Since then, we have built a carrier business from the ground up based in part on the assets we built from 1998-2002. During 2003, I joined the business side of the company, moving from engineering to boost the business as we really needed to start selling services instead of just building networks. In 2010, I went back and became the CTO of Telia Carrier. Then in 2016, when I felt I had done my time again on the technical side, I wanted return to the business side. We needed someone in the management team who could spend time on what was actually going on around us: what are others doing, what are we doing, and how do we spread that word and our brand to even more customers? So we invented this Chief Evangelist role. In this role, I can meet everyone, not to sell but just to talk and find out what they are doing or missing and how we might help. I spend a lot of time trying to figure out where we need to go next but also how to let others understand what Arelion is doing and why we may be a good partner for them.
TR: How different has it been since the company split off from Telia as Arelion?
MF: It’s quite different. From the outside, Telia Carrier looks very much like Arelion because we’re the same people operating the same network. But we have new owners who only care about us. Telia was a good owner. But for them, mobile services in the local Nordic and Baltic market will always be #1, and they should be. Sometimes, when we proposed IP network expansion, the Telia Management team preferred to spend the money on 5G instead. Now, with new owners, when we have a great opportunity to build something, they will look at the business case and make a decision based on the individual merits of that actual case. That’s the biggest difference. Obviously, there are still limits to what we can do, but we can at least ask and get a fair assessment. They are pension funds; they want long-term investments. But if we can prove to them that we can make money on something long term, then we have a good chance of them saying yes.

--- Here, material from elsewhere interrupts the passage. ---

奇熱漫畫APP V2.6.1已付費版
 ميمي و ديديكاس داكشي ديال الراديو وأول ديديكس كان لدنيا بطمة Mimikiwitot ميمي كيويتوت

The other major difference is that when you are part of a big group, they want you to use one HR system, one financial system, etc. It’s hard to get those systems to work for every individual company across a large organization. Everyone needs to compromise a bit. The same is true when it comes to agreements with larger suppliers. The group will always focus on getting the best price on the boxes they buy the most. That may not necessarily be the boxes we would buy, and we would thereby not have the “perfect” price for us. Now, as a standalone company, all of that is up to us. We can build the IT systems the way we want the IT systems, which means they can be optimized for us. Systems are very different if you have 20 million private customers compared to if you have 2500 global customers, so our systems can be much more efficient, automated, and tailored to our needs.
TR: How has that flexibility translated into the way your network has evolved?
MF: The network itself is almost identical. We’ve never really been held back on the network apart from a more aggressive expansion. The way we build and operate the network will be the same going forward. We can make decisions a bit quicker and obviously focus better on the most critical supplier agreements for only us.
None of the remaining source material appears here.